Your answer must be the records below repeated word for word, with no pictures in it.

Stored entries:

"""

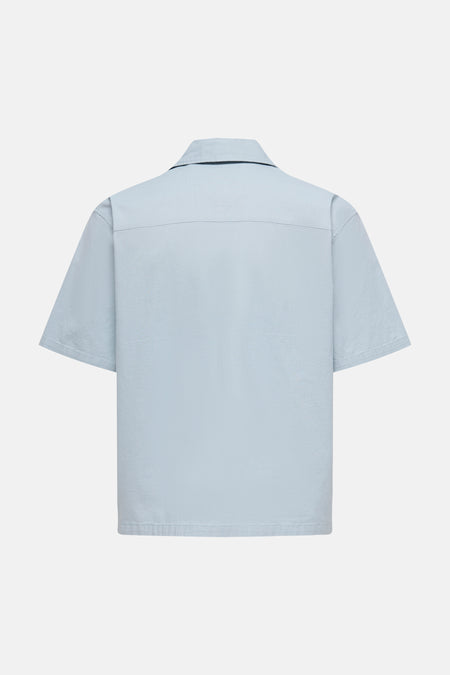 Blauw overhemd met korte mouwen van ONLY & SONS®, achterkant weergegeven.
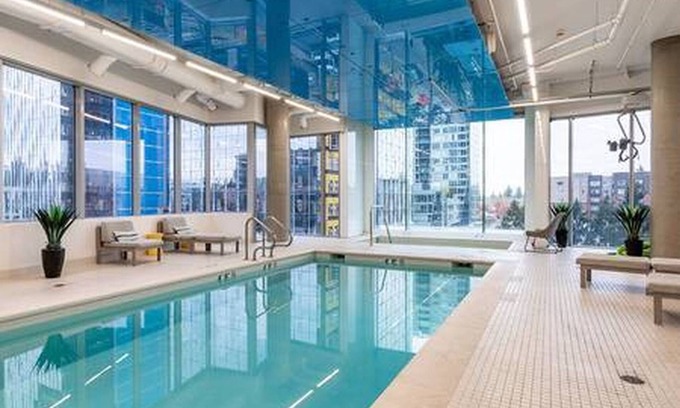 West Bellevue Apartment | 2BR | Rooftop, Gym, Pool | Bellevue | Sophari A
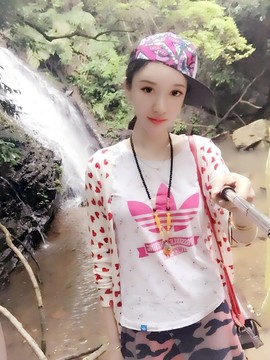 风中的风铃主播照片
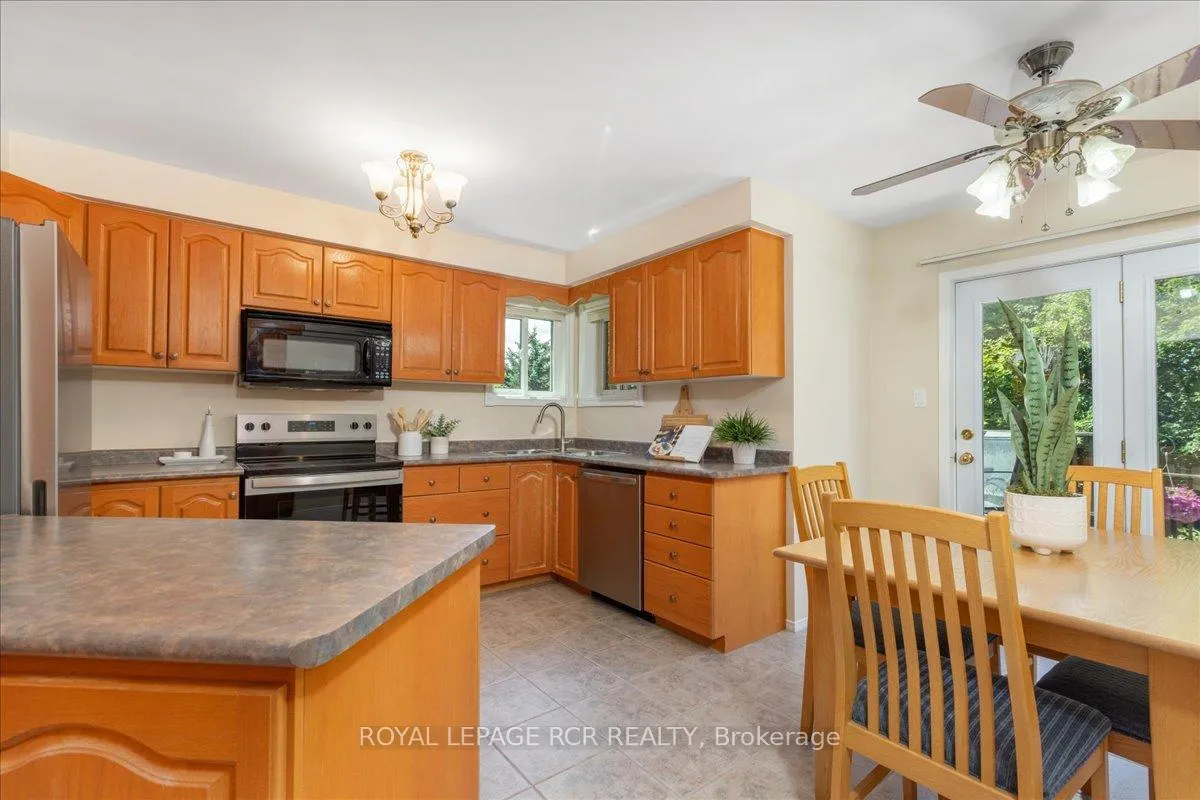 Photo 9 of 104 Carrick Avenue, Georgina, Keswick North — HOMEH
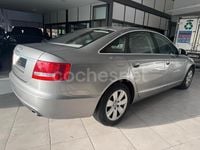 Usado Audi A6 140 CV (102 kW) 2005 Gris / plata Berlina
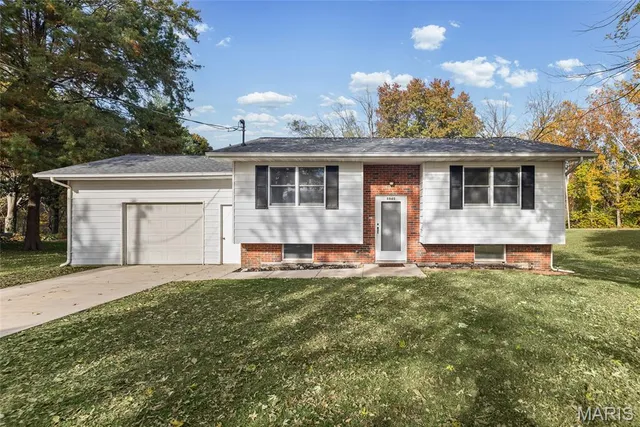 $275,000 | 5945 Redbud Lane, Edwardsville, IL 62025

"""

- [Task output]
 Blauw overhemd met korte mouwen van ONLY & SONS®, achterkant weergegeven.
 West Bellevue Apartment | 2BR | Rooftop, Gym, Pool | Bellevue | Sophari A
 风中的风铃主播照片
 Photo 9 of 104 Carrick Avenue, Georgina, Keswick North — HOMEH
 Usado Audi A6 140 CV (102 kW) 2005 Gris / plata Berlina
 $275,000 | 5945 Redbud Lane, Edwardsville, IL 62025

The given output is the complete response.